Weekend driver gas prices continue to skyrocket, experts predict no immediate bailout

Gasoline prices across the country continued to rise tremendously this weekend, and Vancouver drivers were told to pump as much as $ 2.34 per liter.

Fuel tracker GasBuddy figures show that the national average price of regular gas reached $ 1.95 per liter on Saturday afternoon, with state averages reaching $ 2.15 in Newfoundland and Labrador and $ 2.11 in British Colombia. is showing.
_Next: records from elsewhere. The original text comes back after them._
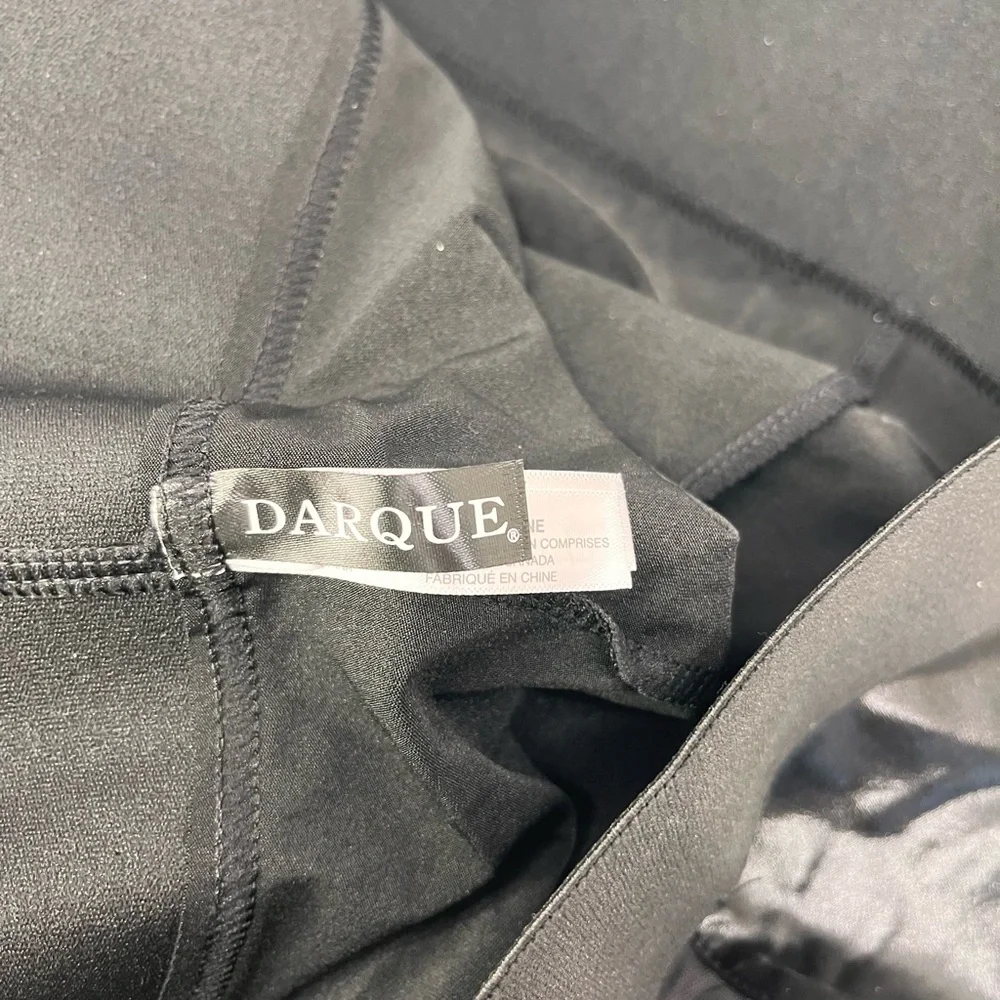 Darque Women's Black Shiny high waisted booty shirts - Picture 4 of 5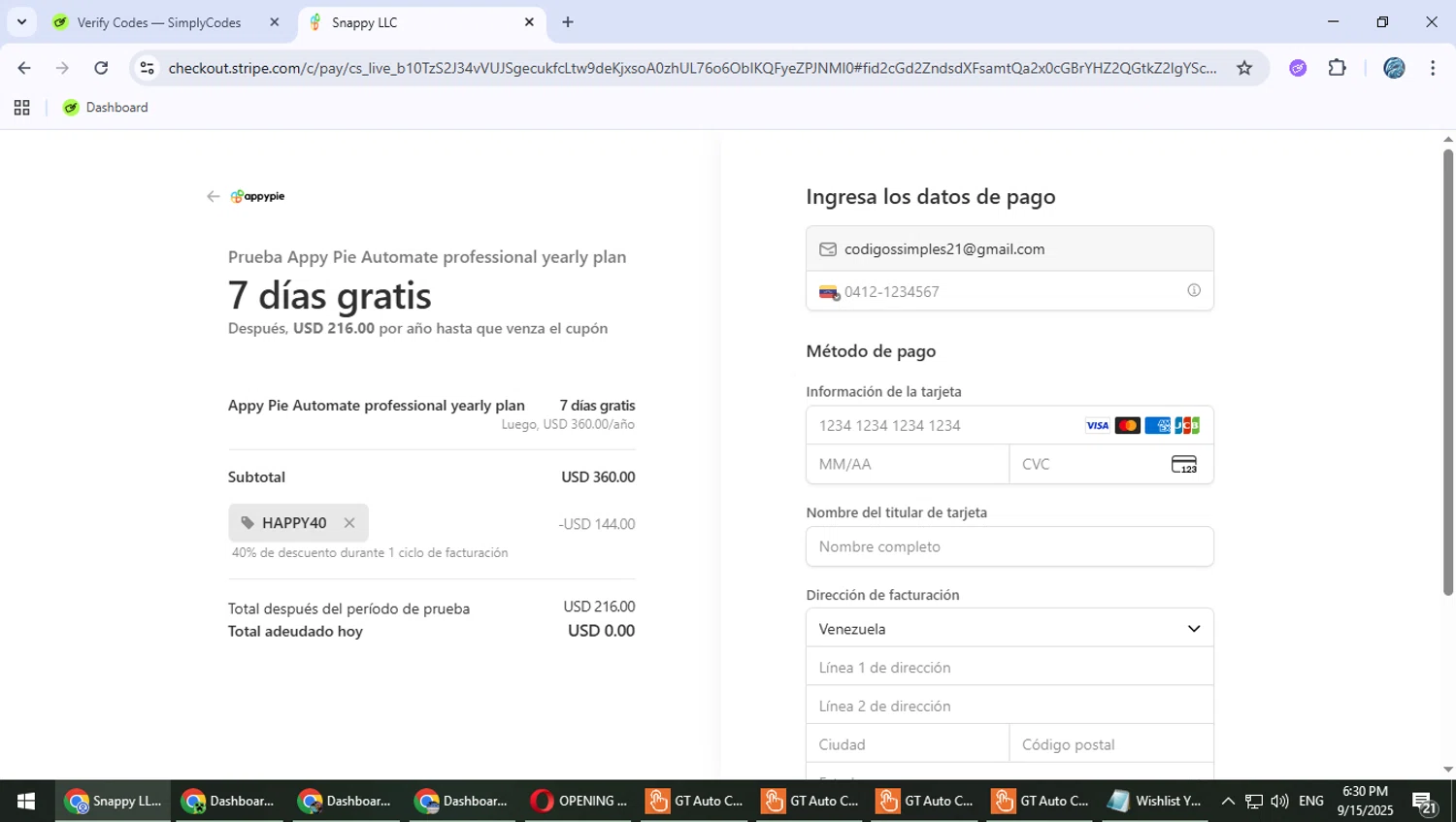 AppyPie promo code screenshot showing code HAPPY40 applied at AppyPie checkout page. Uploaded by SimplyCodes community member Suicune on Sep 15, 2025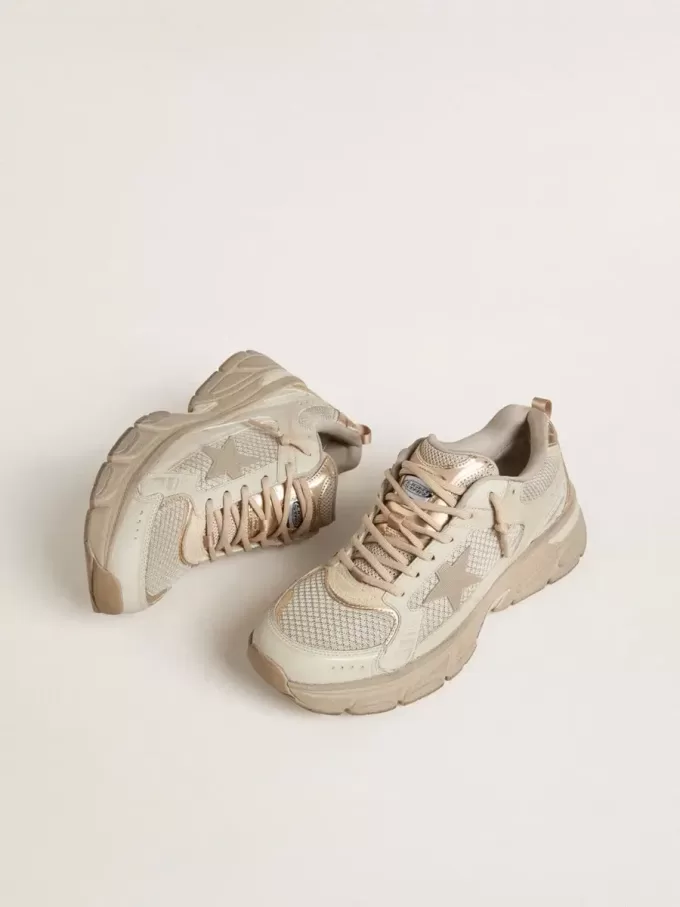 Lightstar för damer i duvgrått läder och mesh med beige TPU-stjärna Lightstar för damer i duvgrått läder och mesh med beige TPU-stjärna
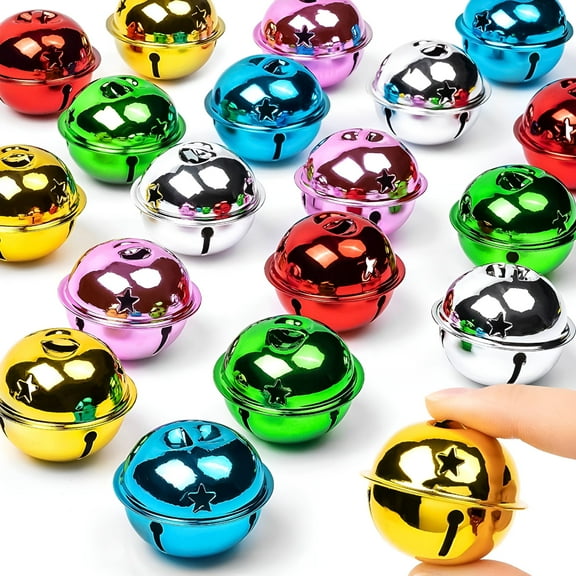 BESTSKY Glitter Star Metal Jingle Bells Multi-Color (18 Count)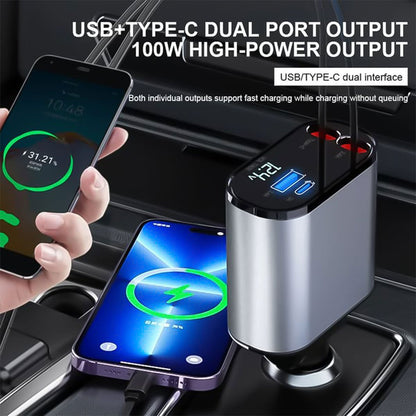 Auto Ladeadapter Aufrollbares Kabel Dualport USB
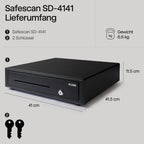 Safescan SD-4141 Standard-Duty Kassenschublade mit 4 Fächern für Banknoten und 8 für Münzen - Kassenlade mit RJ-12 Anschluss (z.B. Registrierkasse) - Solide Kassenschublade von 41,5 x 41,5 x 11,5 cm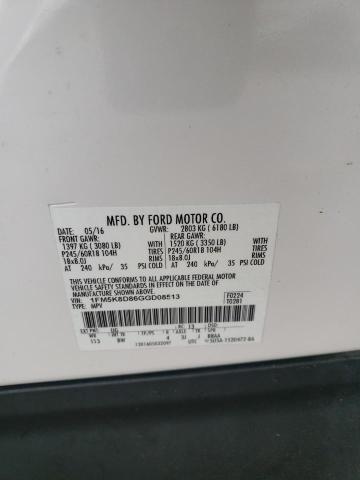 1FM5K8D86GGD08513 - 2016 FORD EXPLORER XLT 白色 照片 13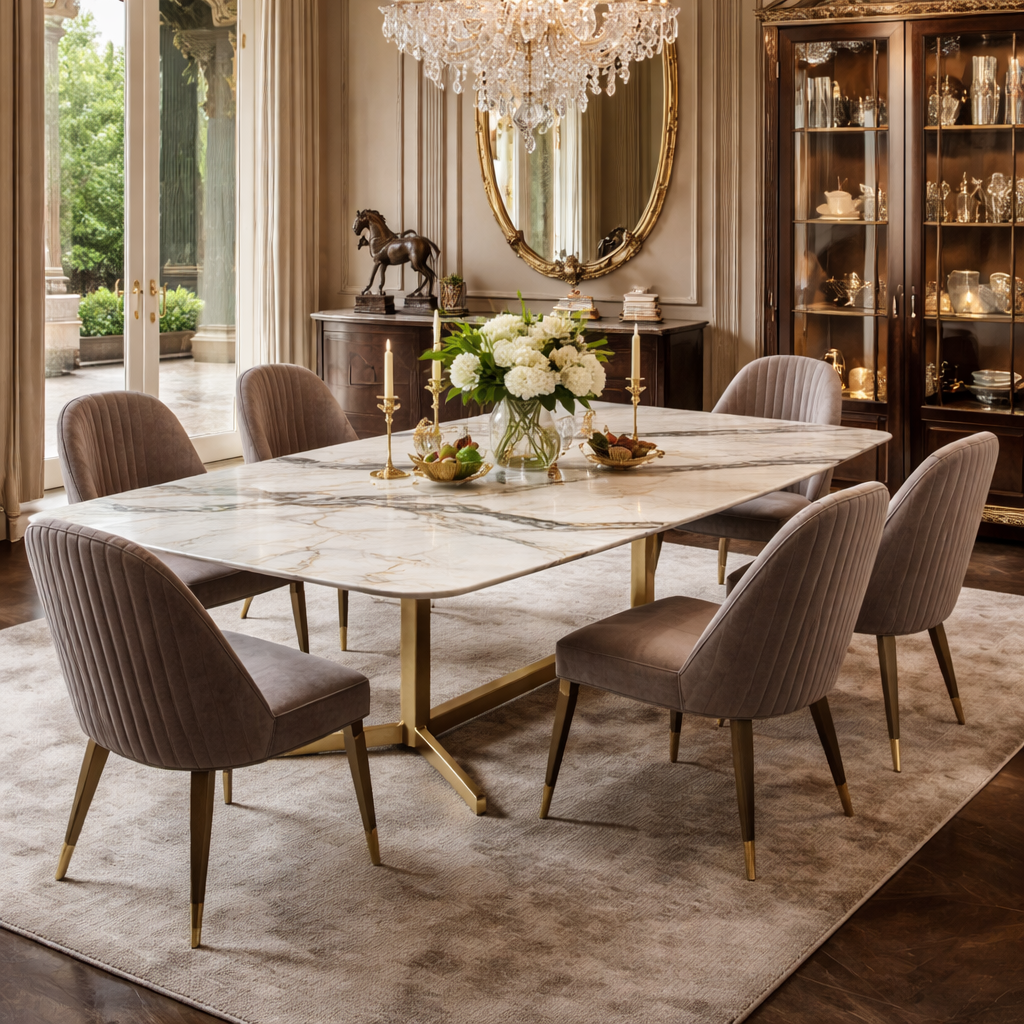 Luxurious dining room with marble table.png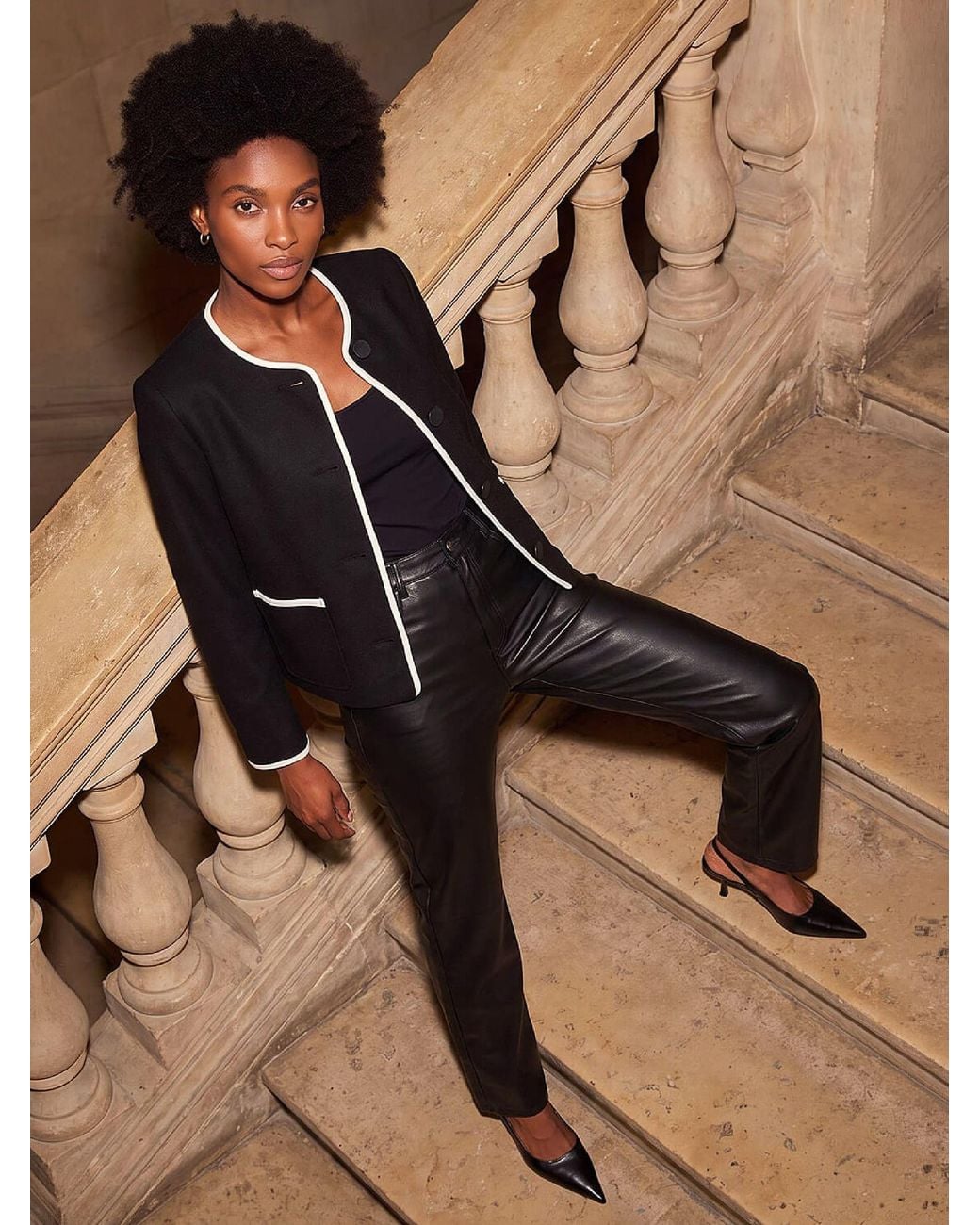 Roman Black Tipped Smart Jacket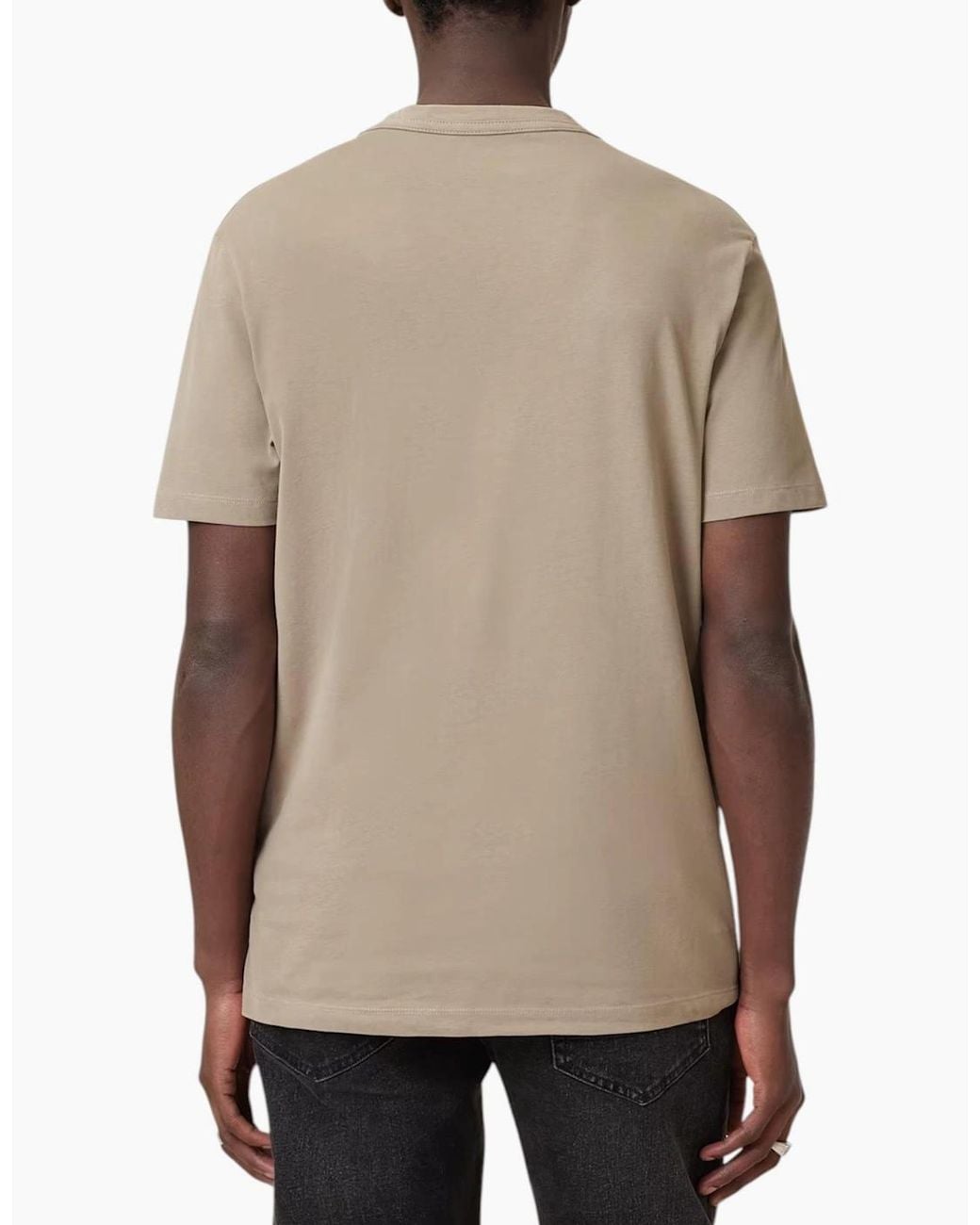 AllSaints Natural T Shirts Lycra Stretch Cotton Crew Neck Short Sleeve Summer Tee for men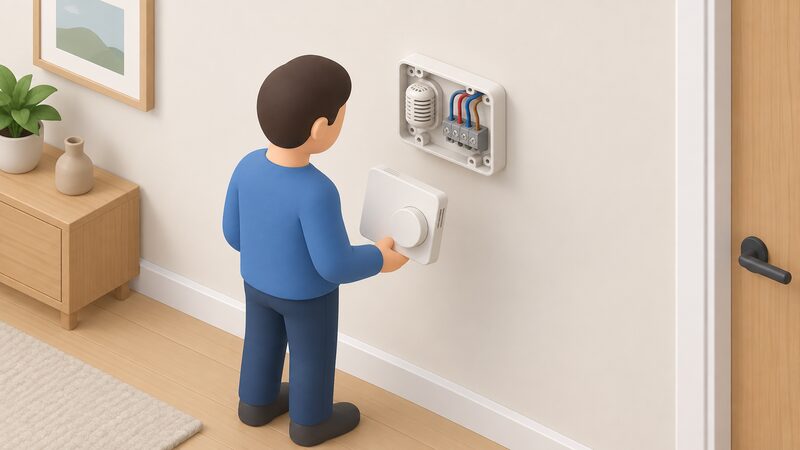 A wall-mounted room thermostat on an interior wall with its front cover removed, revealing the temperature sensor and wiring terminals inside the housing, with a simplified figure inspecting it.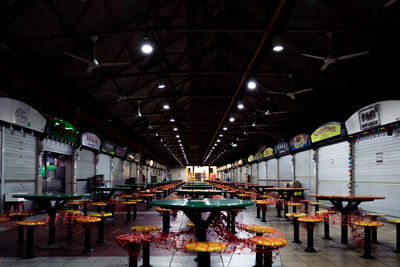 Empty chairs and tables in restaurant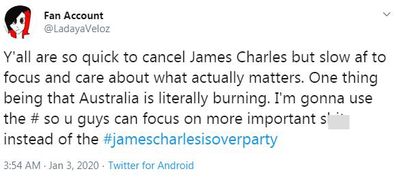 YouTube star, James Charles, Instagram video, Twitter, comments, bushfire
The Gas Wizard predicted a significant rise in various cities on Sunday, with prices rising 6 cents in Vancouver to a national high of $ 2.34 / liter. Montreal was projected to rise 4 cents to $ 2.15, while Toronto was moving up 6 cents to an average price of $ 2.09.

“These are mind-boggling prices and probably not sustainable for most Canadians in the fixed-income / middle class,” said Gus, also the president of Canadian Affordable Energy. Wizard analyst Dan McTigg said on Saturday.

“It’s no exaggeration to say that most Canadians are thrilled with this. It’s not the ones who need it to get the job done that drives kicks and laughter … and it’s long-term. Will be. “

St. Johns is expected to make the biggest leap on Sunday at $ 2.24 / liter at 13 cents. Edmonton’s price is projected to be the lowest at $ 1.70 / liter.

Many experts believe that gas prices have skyrocketed as market instability caused by Russia’s attack on Ukraine and global demand recovering as COVID-19 restrictions have been relaxed. I am.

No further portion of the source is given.